To do. Give back an exact copy of the entries beneath, minus the pictures.

Top of Records shown

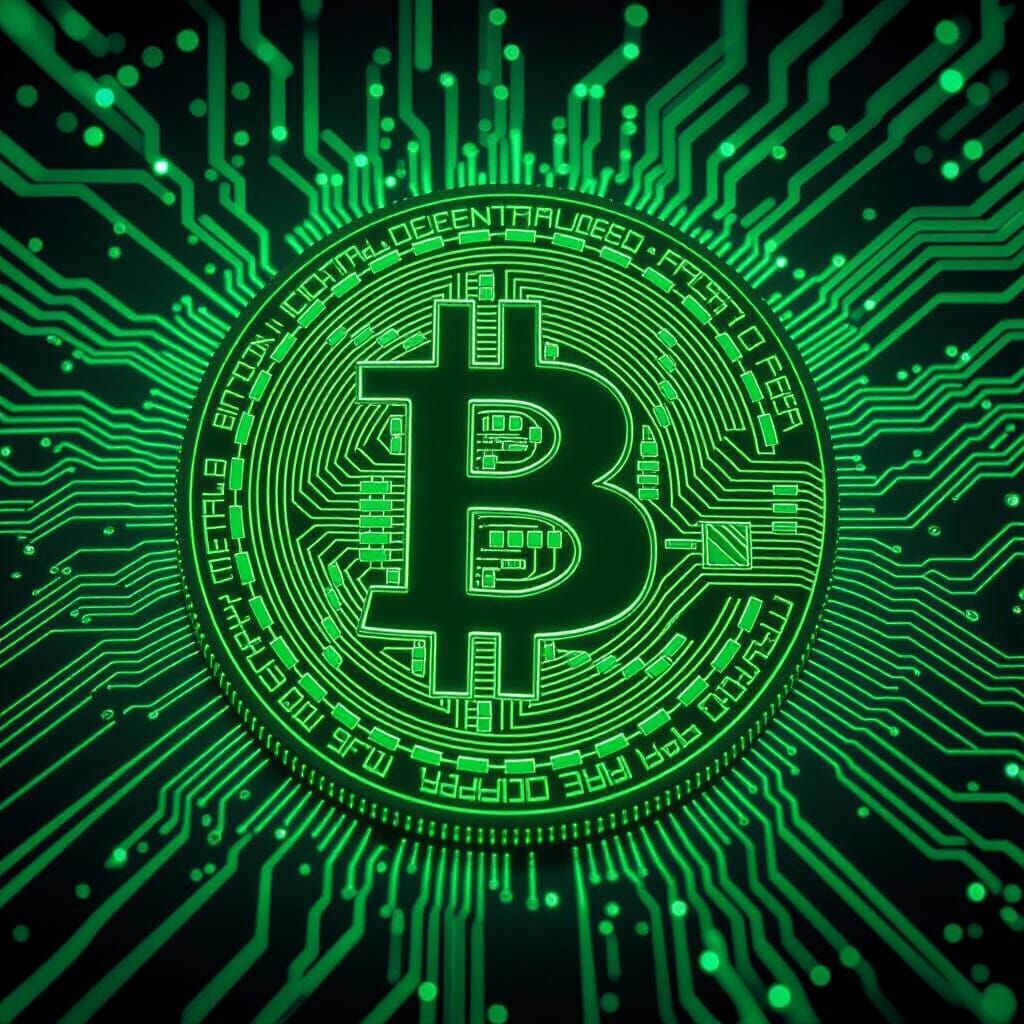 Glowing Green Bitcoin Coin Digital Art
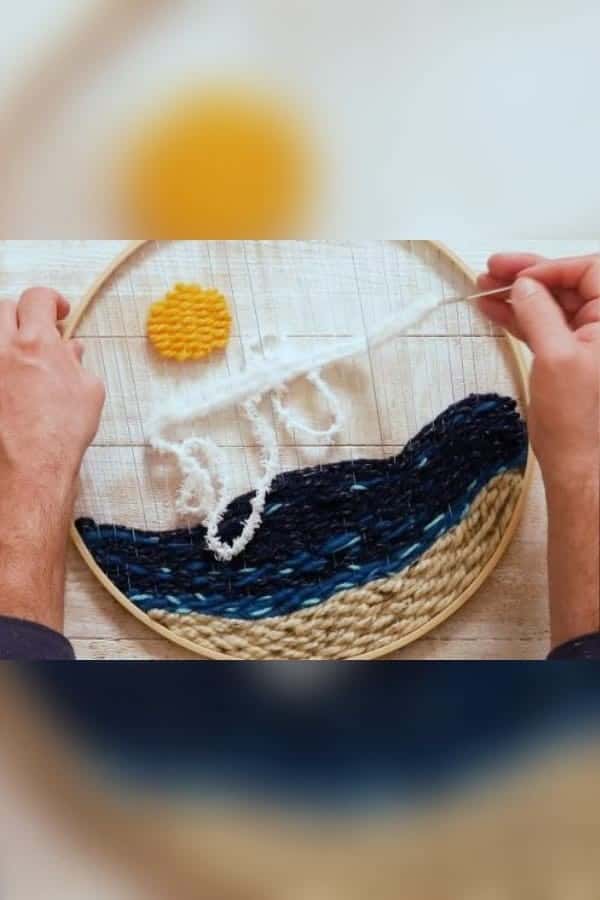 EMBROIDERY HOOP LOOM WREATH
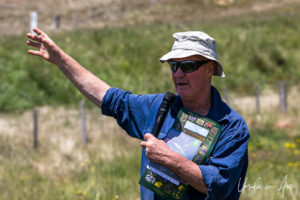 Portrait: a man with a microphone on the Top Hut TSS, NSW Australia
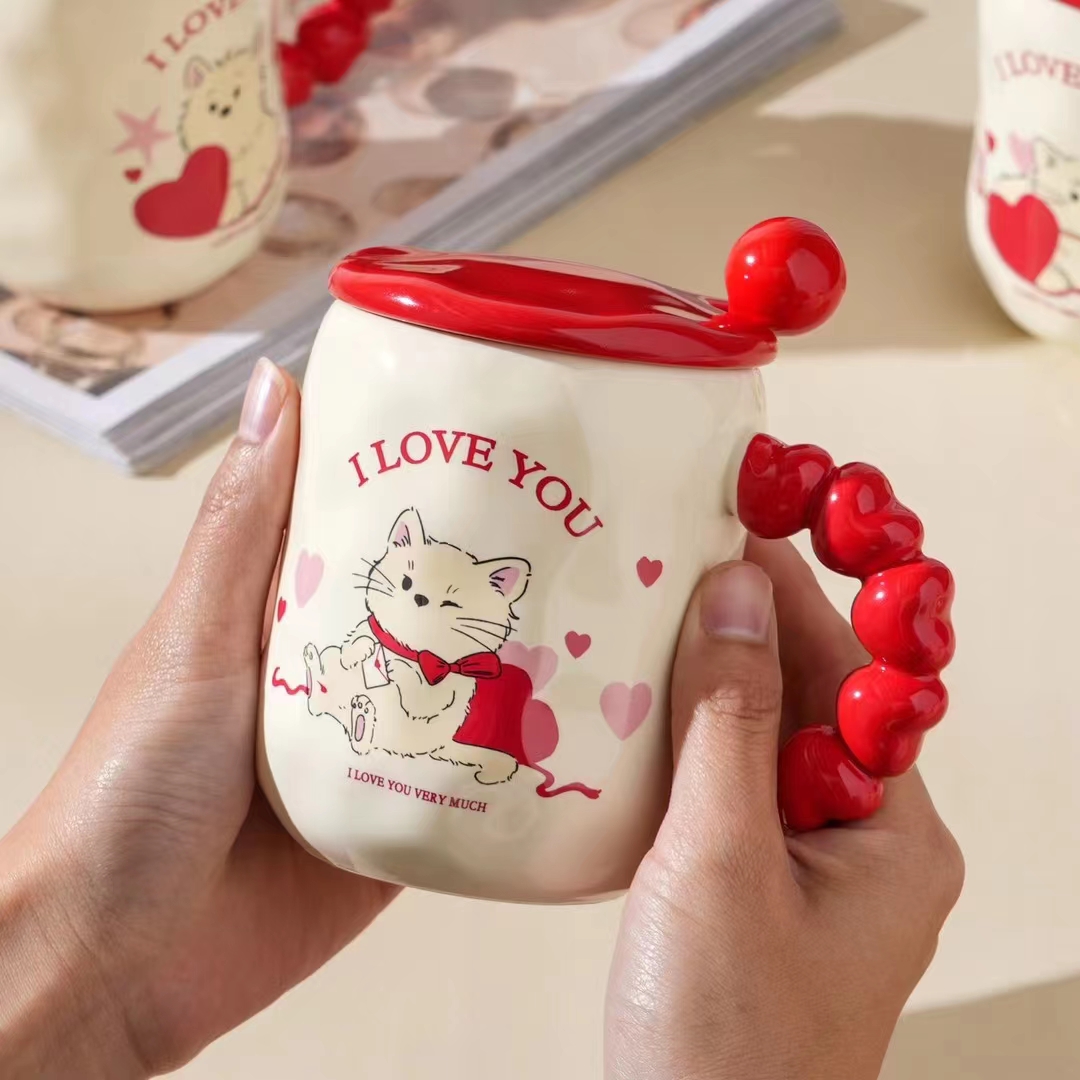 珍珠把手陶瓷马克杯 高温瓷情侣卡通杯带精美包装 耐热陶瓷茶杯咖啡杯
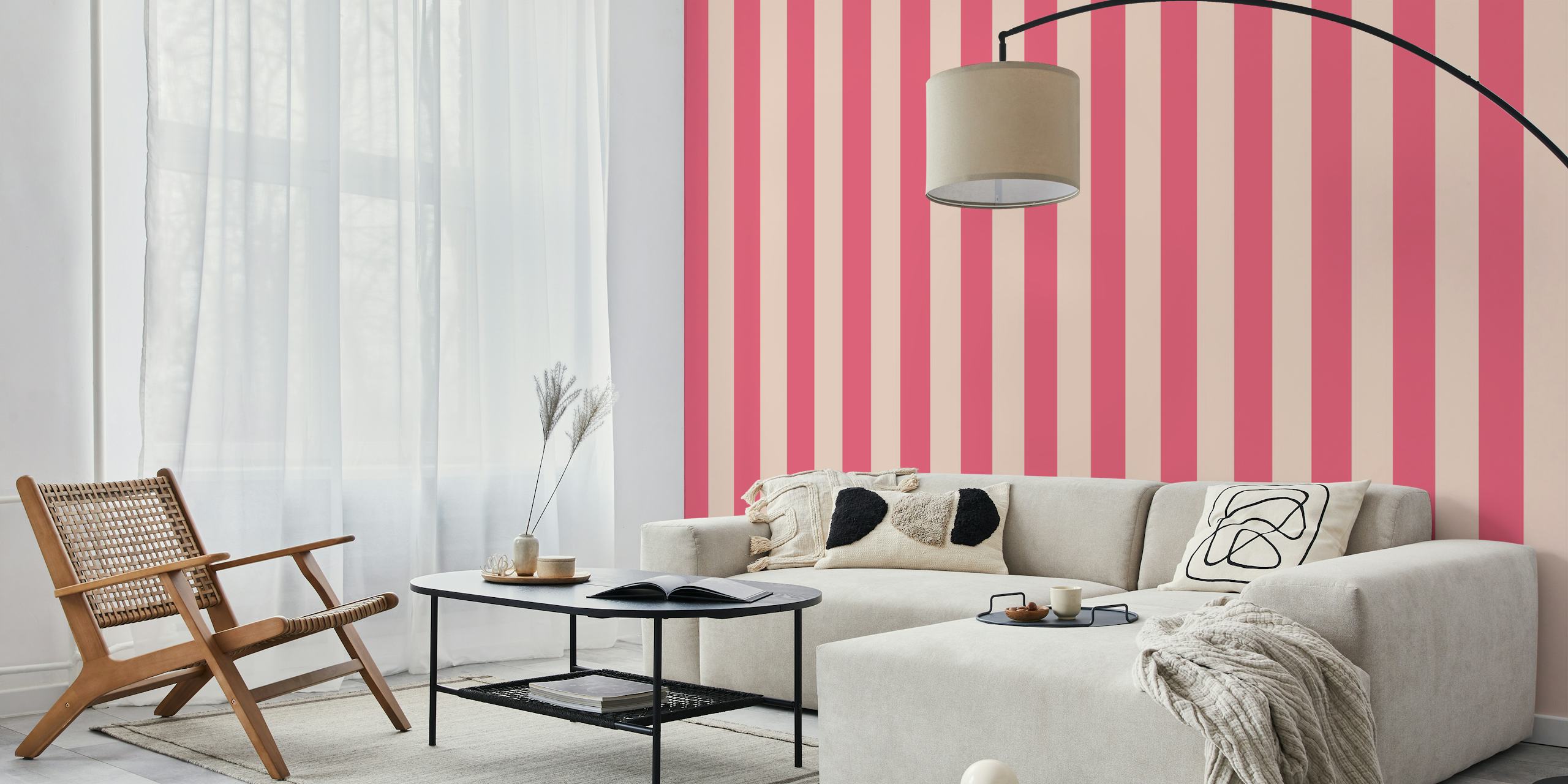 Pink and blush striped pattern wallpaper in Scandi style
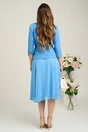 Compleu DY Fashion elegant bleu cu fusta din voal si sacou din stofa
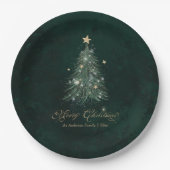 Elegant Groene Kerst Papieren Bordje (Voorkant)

Bottom of Records shown

Completed task.
 Glowing Green Bitcoin Coin Digital Art
 EMBROIDERY HOOP LOOM WREATH
 Portrait: a man with a microphone on the Top Hut TSS, NSW Australia
 珍珠把手陶瓷马克杯 高温瓷情侣卡通杯带精美包装 耐热陶瓷茶杯咖啡杯
 Pink and blush striped pattern wallpaper in Scandi style
 Compleu DY Fashion elegant bleu cu fusta din voal si sacou din stofa
 Elegant Groene Kerst Papieren Bordje (Voorkant)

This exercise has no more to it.